The Colorado River Basin is 74% of average this year, with statewide reservoir storage at 72%, Jones said. Reservoirs in Lake Powell and Lake Mead have seen record lows this year, prompting a first-ever shortage on the lower Colorado River Basin that supplies much of the water for urban Southern California, including Los Angeles.
“We’re in May now, and it’s a bit late in the season to be talking about snowmelt because a lot of it already has, but the snowpack is rapidly diminishing. We’re around the time when reservoirs are full. This is what we have and what we’re going to get, and we can’t expect anything significant past this date,” Jones said. “This is really an indication that Mother Nature is reminding us we’re in a world of climate change.
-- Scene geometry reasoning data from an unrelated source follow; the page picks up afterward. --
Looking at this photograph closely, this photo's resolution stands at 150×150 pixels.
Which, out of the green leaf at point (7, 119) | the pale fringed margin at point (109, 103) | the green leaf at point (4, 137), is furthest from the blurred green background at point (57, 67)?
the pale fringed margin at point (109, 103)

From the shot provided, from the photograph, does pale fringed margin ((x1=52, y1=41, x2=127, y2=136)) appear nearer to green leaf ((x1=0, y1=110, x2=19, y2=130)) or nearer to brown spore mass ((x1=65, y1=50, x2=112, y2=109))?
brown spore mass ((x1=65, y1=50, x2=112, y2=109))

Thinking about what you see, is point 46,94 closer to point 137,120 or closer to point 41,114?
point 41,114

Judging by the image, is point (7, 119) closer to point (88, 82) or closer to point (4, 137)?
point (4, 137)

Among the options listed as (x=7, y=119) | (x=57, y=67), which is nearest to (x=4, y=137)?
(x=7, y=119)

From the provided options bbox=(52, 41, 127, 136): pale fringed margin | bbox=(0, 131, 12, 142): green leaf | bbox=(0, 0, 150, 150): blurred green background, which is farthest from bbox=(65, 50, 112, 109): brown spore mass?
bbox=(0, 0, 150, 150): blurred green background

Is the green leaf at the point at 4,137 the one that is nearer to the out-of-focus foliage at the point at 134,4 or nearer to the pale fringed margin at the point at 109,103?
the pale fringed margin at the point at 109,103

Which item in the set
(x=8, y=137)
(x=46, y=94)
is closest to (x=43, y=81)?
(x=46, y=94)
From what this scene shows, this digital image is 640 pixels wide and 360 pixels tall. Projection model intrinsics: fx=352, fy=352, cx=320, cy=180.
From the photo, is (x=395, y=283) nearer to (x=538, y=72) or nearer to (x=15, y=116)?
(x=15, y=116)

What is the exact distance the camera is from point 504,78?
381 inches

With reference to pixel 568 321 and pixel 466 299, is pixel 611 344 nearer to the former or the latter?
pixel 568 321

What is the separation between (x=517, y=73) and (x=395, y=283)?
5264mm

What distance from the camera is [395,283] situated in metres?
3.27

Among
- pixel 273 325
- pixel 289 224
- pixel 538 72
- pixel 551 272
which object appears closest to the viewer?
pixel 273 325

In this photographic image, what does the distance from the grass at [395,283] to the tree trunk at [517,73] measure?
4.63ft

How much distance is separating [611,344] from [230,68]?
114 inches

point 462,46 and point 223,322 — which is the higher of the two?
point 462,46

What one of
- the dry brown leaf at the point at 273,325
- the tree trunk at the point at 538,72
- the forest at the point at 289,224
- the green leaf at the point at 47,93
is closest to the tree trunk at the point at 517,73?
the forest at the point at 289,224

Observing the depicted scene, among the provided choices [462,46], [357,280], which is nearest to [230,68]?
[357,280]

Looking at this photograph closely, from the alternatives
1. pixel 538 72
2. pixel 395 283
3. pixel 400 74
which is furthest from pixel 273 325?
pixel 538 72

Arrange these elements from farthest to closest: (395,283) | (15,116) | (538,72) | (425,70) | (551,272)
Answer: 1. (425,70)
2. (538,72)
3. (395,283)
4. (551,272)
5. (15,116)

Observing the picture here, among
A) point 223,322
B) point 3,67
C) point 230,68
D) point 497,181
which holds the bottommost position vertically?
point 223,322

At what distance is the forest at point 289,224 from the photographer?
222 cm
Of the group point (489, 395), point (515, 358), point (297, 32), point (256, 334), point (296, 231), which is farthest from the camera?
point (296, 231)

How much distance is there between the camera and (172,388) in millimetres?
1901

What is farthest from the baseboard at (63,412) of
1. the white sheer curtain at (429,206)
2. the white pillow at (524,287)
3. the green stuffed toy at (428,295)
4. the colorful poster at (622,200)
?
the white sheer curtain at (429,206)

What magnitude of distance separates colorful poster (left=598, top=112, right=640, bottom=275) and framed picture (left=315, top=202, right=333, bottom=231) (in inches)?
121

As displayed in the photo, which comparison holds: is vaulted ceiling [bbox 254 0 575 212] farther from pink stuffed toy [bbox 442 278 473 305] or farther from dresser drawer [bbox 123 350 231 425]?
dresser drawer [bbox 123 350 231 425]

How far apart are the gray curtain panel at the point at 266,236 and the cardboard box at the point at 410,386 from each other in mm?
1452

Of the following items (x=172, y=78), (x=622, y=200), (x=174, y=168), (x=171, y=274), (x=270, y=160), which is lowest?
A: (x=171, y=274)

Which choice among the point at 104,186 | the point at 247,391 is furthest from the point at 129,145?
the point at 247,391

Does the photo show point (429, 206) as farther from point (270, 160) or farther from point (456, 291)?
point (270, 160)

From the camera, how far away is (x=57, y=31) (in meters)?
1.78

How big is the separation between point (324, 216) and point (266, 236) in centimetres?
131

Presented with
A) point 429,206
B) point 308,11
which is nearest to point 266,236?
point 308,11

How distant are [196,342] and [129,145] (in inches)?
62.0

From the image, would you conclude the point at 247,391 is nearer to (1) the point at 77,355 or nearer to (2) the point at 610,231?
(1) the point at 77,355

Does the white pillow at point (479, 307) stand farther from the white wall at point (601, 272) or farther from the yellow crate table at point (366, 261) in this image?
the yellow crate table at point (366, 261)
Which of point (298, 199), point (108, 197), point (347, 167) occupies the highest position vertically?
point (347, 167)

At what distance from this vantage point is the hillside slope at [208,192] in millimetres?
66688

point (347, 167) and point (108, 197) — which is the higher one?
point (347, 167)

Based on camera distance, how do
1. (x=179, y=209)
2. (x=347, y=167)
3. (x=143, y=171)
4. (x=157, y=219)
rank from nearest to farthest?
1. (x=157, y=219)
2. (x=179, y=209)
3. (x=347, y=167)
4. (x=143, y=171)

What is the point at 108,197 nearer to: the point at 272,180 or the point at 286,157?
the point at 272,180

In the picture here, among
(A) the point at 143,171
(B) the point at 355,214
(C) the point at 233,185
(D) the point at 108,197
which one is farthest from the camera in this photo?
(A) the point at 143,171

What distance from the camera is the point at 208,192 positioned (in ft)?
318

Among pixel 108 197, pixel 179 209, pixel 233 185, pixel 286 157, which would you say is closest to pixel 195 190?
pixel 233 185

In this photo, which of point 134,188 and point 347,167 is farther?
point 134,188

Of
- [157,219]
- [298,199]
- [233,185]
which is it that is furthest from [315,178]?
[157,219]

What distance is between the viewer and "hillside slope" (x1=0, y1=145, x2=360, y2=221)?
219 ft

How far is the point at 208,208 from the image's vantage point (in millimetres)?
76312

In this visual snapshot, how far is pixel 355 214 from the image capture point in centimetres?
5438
We’re here, and we need to start adapting to it.”
The Department of Water Resources hinted at an expansion of state funds to combat the ongoing drought in a revised draft of the state budget for the coming fiscal year. Due Friday, the budget is expected to include an additional $180 million to shore up water supplies for smaller water agencies and urban water management grants.
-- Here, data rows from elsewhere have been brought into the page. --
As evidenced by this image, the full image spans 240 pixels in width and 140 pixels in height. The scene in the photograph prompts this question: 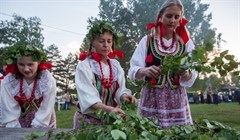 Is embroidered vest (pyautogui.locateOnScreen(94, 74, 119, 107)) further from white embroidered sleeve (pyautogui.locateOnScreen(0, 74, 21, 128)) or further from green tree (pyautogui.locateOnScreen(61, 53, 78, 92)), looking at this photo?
green tree (pyautogui.locateOnScreen(61, 53, 78, 92))

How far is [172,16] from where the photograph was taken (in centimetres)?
206

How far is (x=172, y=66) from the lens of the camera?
1.40 metres

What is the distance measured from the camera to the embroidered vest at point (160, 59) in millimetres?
2021

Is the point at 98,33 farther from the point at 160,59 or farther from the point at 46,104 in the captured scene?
the point at 46,104

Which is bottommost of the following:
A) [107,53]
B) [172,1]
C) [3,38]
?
[107,53]

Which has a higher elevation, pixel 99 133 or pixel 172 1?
pixel 172 1

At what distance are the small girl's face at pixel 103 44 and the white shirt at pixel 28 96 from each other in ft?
2.29

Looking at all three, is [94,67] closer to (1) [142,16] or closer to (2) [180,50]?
(2) [180,50]

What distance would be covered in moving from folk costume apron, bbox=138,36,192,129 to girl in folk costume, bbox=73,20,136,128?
0.50ft

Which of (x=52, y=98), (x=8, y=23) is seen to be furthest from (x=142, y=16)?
(x=52, y=98)

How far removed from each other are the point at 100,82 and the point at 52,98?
702 millimetres

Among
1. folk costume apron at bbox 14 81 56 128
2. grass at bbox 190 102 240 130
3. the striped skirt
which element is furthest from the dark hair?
grass at bbox 190 102 240 130

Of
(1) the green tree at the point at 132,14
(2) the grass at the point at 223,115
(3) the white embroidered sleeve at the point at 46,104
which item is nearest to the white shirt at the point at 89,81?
(3) the white embroidered sleeve at the point at 46,104

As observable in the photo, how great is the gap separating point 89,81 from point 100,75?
13cm
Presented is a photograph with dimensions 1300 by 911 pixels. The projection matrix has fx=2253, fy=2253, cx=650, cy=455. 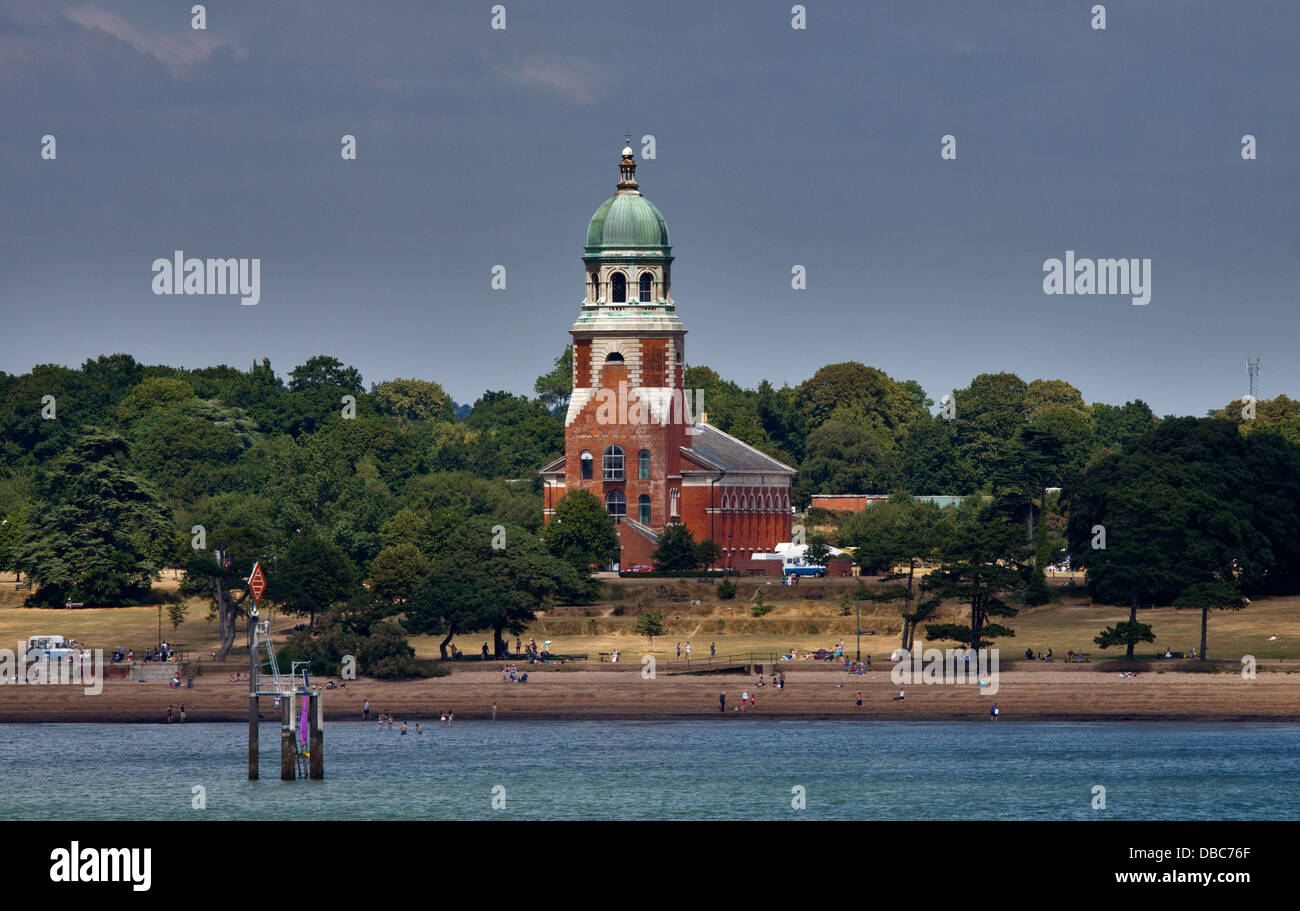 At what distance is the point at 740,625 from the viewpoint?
130 metres

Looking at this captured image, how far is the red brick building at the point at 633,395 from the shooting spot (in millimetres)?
154250

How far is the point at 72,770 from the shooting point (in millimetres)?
95062

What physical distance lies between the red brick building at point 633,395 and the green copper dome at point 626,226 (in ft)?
0.23

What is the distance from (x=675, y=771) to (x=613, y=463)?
205 ft

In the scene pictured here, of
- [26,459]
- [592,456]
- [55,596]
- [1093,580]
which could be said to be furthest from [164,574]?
[1093,580]

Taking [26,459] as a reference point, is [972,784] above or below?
below

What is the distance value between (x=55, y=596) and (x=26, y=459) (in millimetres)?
64970

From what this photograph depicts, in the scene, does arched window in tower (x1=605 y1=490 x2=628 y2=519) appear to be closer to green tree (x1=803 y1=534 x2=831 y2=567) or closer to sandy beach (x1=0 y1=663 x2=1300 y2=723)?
green tree (x1=803 y1=534 x2=831 y2=567)

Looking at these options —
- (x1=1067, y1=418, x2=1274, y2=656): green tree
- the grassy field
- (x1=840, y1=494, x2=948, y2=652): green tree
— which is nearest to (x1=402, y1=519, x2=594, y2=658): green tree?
the grassy field

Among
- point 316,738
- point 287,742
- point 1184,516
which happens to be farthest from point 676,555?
point 287,742

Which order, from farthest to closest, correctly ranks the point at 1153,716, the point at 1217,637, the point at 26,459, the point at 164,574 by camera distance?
the point at 26,459 → the point at 164,574 → the point at 1217,637 → the point at 1153,716

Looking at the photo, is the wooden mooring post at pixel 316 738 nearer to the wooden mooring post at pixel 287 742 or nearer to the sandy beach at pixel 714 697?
the wooden mooring post at pixel 287 742
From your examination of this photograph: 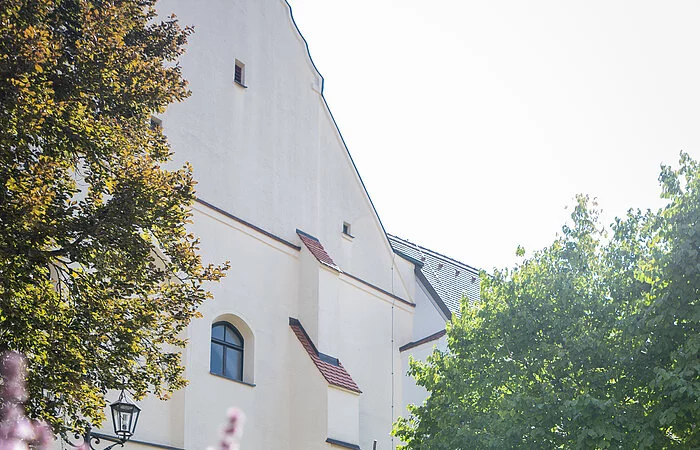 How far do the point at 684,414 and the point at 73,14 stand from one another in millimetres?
11149

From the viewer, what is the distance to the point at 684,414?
46.9 ft

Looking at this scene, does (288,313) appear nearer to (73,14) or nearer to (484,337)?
(484,337)

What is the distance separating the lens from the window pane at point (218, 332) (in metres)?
19.3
The additional funding will help the state more accurately predict the water supply and communicate with the public that they need to conserve. Already, a revised budget in May included $26 million to incentivize turf rebates and promote other water conservation programs, such as water-saving appliances.
“Going forward, over the long term, some of the cultural perceptions or values about landscaping will likely be changing because of the statutory framework in place for water conservation as a way of life,” Jones said.
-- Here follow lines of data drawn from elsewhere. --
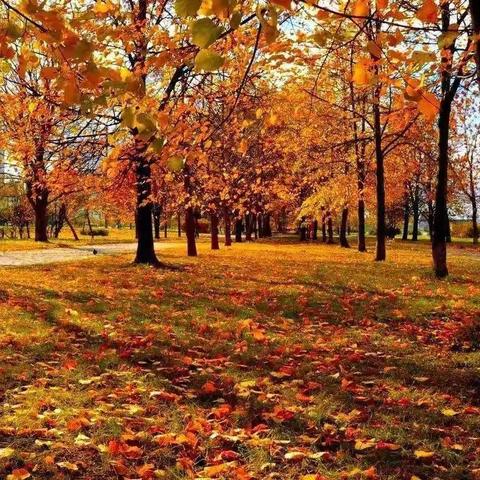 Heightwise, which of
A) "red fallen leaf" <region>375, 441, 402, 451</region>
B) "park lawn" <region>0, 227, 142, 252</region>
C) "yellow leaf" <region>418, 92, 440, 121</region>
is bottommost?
"red fallen leaf" <region>375, 441, 402, 451</region>

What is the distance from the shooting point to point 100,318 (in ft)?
30.6

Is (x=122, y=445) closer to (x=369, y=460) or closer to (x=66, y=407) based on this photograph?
(x=66, y=407)

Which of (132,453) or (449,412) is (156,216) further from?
(132,453)

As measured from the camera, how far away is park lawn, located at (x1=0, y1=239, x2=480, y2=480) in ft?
13.6

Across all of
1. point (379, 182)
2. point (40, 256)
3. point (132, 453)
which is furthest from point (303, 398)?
point (40, 256)

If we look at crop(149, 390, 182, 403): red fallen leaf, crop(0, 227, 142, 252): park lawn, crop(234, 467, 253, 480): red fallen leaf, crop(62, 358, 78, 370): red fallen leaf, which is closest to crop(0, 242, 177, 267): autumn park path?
crop(0, 227, 142, 252): park lawn

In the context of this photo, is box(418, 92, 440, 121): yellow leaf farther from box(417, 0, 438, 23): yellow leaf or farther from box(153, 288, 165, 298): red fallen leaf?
box(153, 288, 165, 298): red fallen leaf

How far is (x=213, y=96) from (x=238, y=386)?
9.21 metres

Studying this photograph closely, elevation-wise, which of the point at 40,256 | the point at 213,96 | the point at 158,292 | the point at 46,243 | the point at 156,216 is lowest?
the point at 158,292

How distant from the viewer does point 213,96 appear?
13.5 metres

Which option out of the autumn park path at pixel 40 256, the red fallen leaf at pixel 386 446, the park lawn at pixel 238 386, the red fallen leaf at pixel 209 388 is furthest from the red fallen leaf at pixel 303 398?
the autumn park path at pixel 40 256

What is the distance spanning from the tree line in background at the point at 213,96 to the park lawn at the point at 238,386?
225 cm

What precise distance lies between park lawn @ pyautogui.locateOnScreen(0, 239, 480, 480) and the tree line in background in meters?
2.25

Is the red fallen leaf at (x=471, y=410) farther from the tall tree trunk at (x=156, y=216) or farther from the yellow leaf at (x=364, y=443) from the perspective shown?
the tall tree trunk at (x=156, y=216) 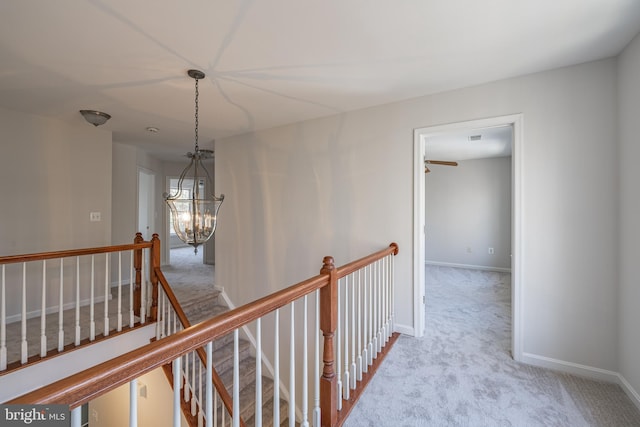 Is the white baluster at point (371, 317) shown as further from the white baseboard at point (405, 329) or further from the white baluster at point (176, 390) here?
the white baluster at point (176, 390)

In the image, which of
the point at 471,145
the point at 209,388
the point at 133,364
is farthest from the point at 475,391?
the point at 471,145

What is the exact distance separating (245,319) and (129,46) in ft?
6.63

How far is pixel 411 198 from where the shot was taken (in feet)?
9.13

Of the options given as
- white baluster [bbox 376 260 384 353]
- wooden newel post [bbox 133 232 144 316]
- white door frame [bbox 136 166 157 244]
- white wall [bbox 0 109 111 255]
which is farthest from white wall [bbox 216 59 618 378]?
white door frame [bbox 136 166 157 244]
The state water agencies’ briefing came hours after LA Mayor Eric Garcetti and the Los Angeles Department of Water and Power announced new restrictions for the city. Starting June 1, LADWP customers can water their lawns only two days a week, with each use restricted to eight minutes with sprinklers or 15 minutes for sprinklers using water-conserving nozzles. LADWP is also asking its customers to reduce per-person water usage by seven gallons a day.
It’s a tall order. Already, Californians aren’t conserving as much as they need to. In March, state residents saved 19% less water than they had two years earlier, when the drought was just setting in, according to the State Water Resources Control Board.
A March 28 executive order from Gov. Newsom directed the State Water Board to consider regulations that could ban the irrigation of decorative grass or non-functional turf that serves no recreational purpose. The State Water Board will consider those measures next month.
“We really need to be thinking about the longer term, not just what happens this summer. The goal is long-term resilience in the face of climate change,” Jones said, citing the city of San Diego as a good example. In response to a drought that lasted from 1987 to 1992, San Diego took measures to reduce its reliance on imported water supplies, such as investing in water recycling, conservation and emergency storage.
Los Angeles has been taking similar steps. In 2018, LA voters approved Measure W to provide almost $300 million in annual funding for projects that increase local water supplies. As part of the city’s Green New Deal, it is also working to recycle 100% of its wastewater for reuse by 2035.